Flower Power "Till Death do us Part"

I, Constance, have now graduated also.  The End.












Now, to something more important and assorted. With the wedding only 4 weeks away I, Constance, thought it a good idea to purchase the very thing that defines wedding ceremonies other than: the ring, people, white dress, and wedding hair... the plant life. Walking into hobby lobby was like walking into no-man's-land. Everything seemed as though it was ours, and ours for the taking. We teetered in the multicolored isles intoxicated with power and the fragrance of plastic wilted flower petals, like a sailor on raisin rum ice cream (not rum-raisin).  After hacking down the aisles with our metaphorical machetes we decided upon the ever popular Vanilla Rose of Power with the Pink yet Chic filling flower of Elegance and Pride. NOTICE: The upcoming text may not be suitable for children and botanist alike.  We then decided on the ever popular and accenting Yellow Monroe as the visual lure of our pleasant wedding thoughts. We could not have been more wrong.
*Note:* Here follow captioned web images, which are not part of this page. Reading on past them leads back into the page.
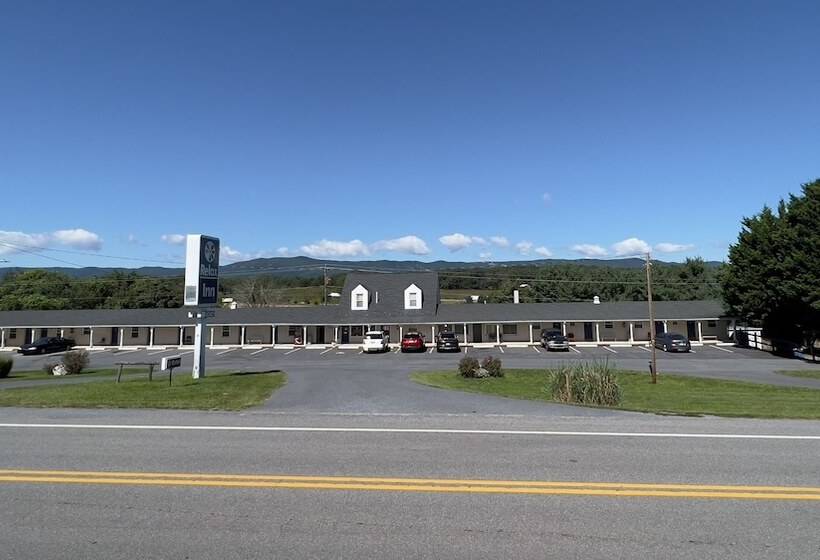 ホテル Relax Inn In Natural Bridge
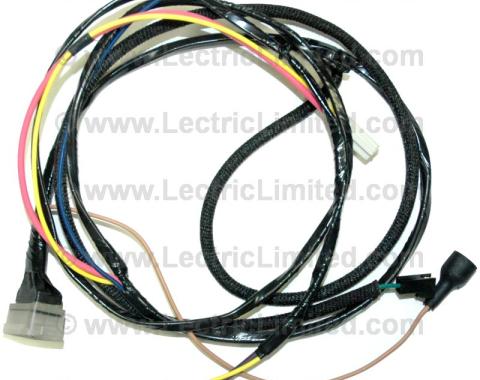 Lectric Limited 1967 Chevrolet Chevy II Engine Harness 38945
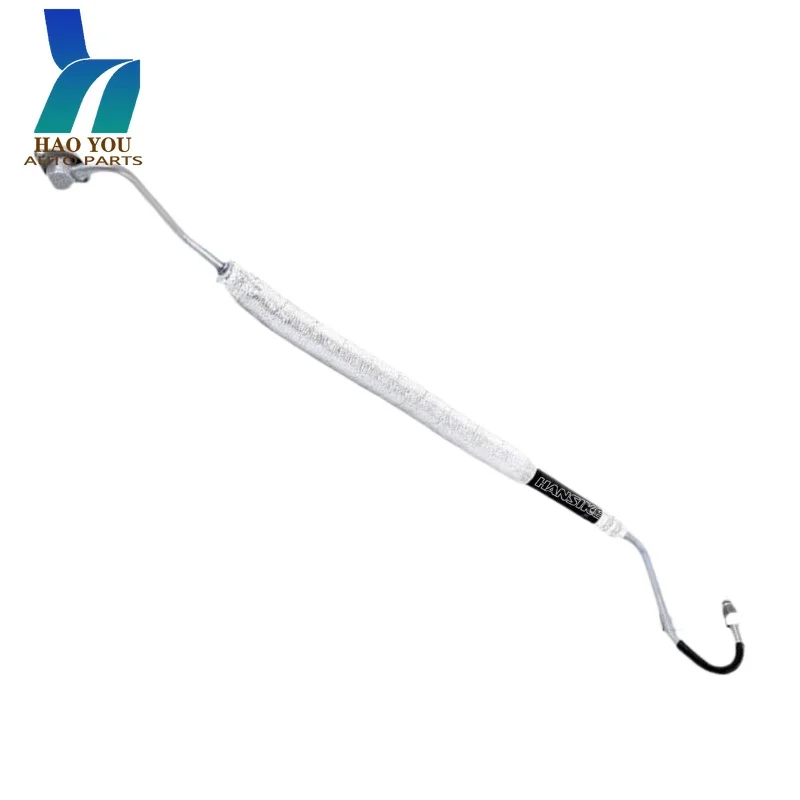 7P0422893AB 7P0422893Q Power Steering High Pressure Hose For VW Touareg 7P 3.0T V6 2011-2016 7P0422893C
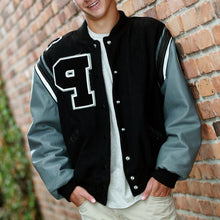 Load image into Gallery viewer, Sports Letters Temperament Baseball Uniform Men's Coat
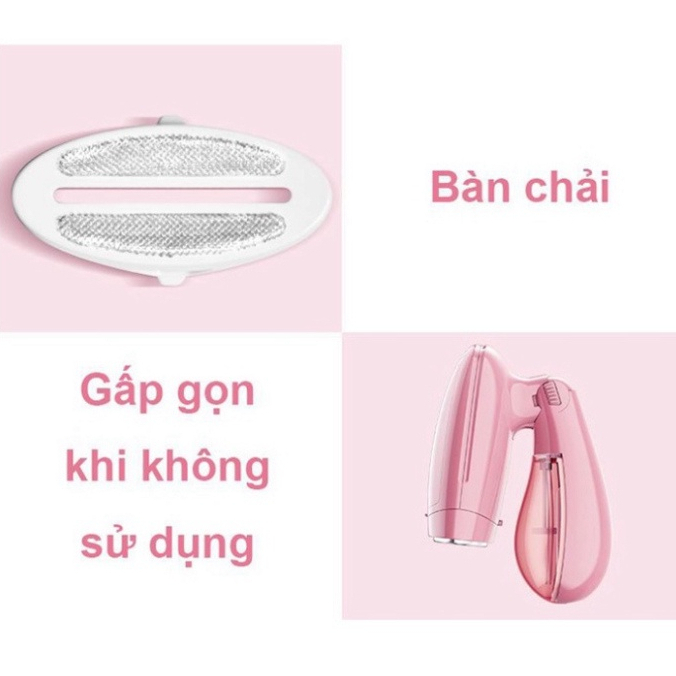 ( Loại 1 ) Bàn là hơi nước cầm tay gấp gọn Didooglt 1500W Công Nghệ Nhật Bản | BigBuy360 - bigbuy360.vn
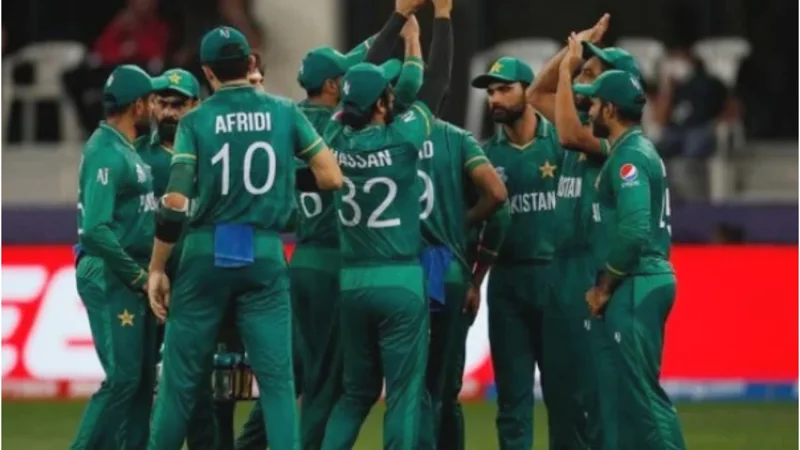Pakistan Squad
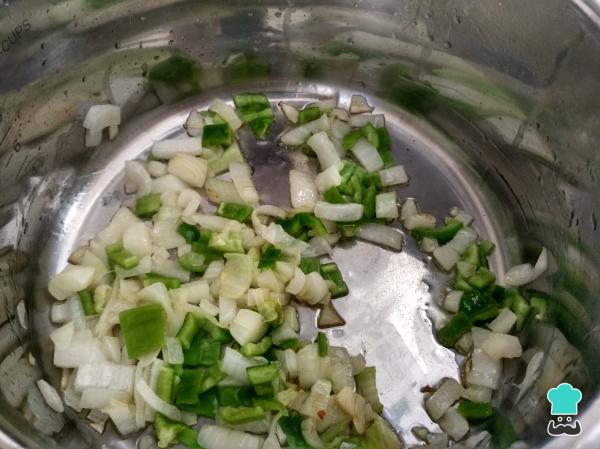 Recette de Boulettes de Viande à la Sauce aux Légumes - Étape 1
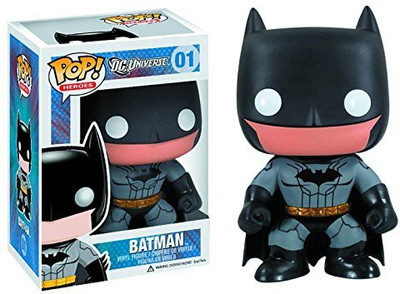 

Funko The New 52 Version Pop Heroes Batman Vinyl(Multicolor)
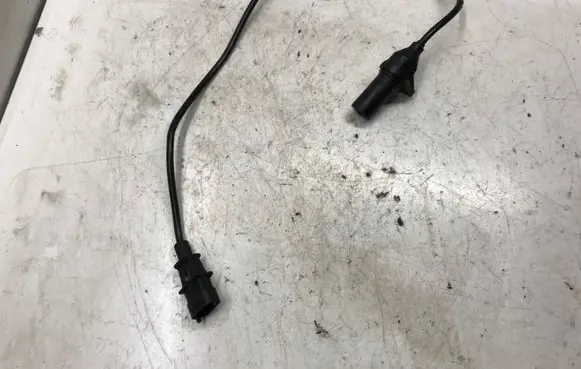 Hyundai Santa Fe Crankshaft position sensor 9660930406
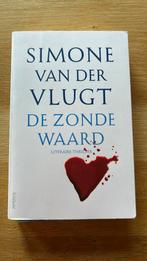 Simone van der Vlugt - De zonde waard, Boeken, Simone van der Vlugt, Ophalen of Verzenden, Zo goed als nieuw, Nederland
The oh so pleasant Fiance demurred at the thought of the mutinous color yellow in the glorious nuptials of the indelible love-birds. "Yellow... As in bile? As in coward? As in bananas? Never, never I say! Never shalt the lackadaisical and insolent color yellow mark the treaty of our eternal love," so proclaimed he, this year of our Lord, 2010.  So saved he the wedding day... and thus, our lives. 

Monday, June 21, 2010

Graduation and beyond.... the early years

I, Genevieve, having essentially ended my higher education in a most felicitous manner, now begin my journey, predisposed to the makings of a classical adventure. The ceremonious rite of hats and gowns, I feel, have prepared me to take on a world, where the majority of difficult people will perhaps be wearing hats or gowns. However dubious this supposition, I must confess that the impeding future weighs on my mind like a mole of honey combs; potentially delicious but assuredly messy and fraught with annoyed annelids. Alas, Constance is little help, having once again turned back to her life as a gypsy accountant.  So I go alone into the inky dark espresso of time.... to be hosted by the fickle, Mrs. Cleaver like, domesticity of fate.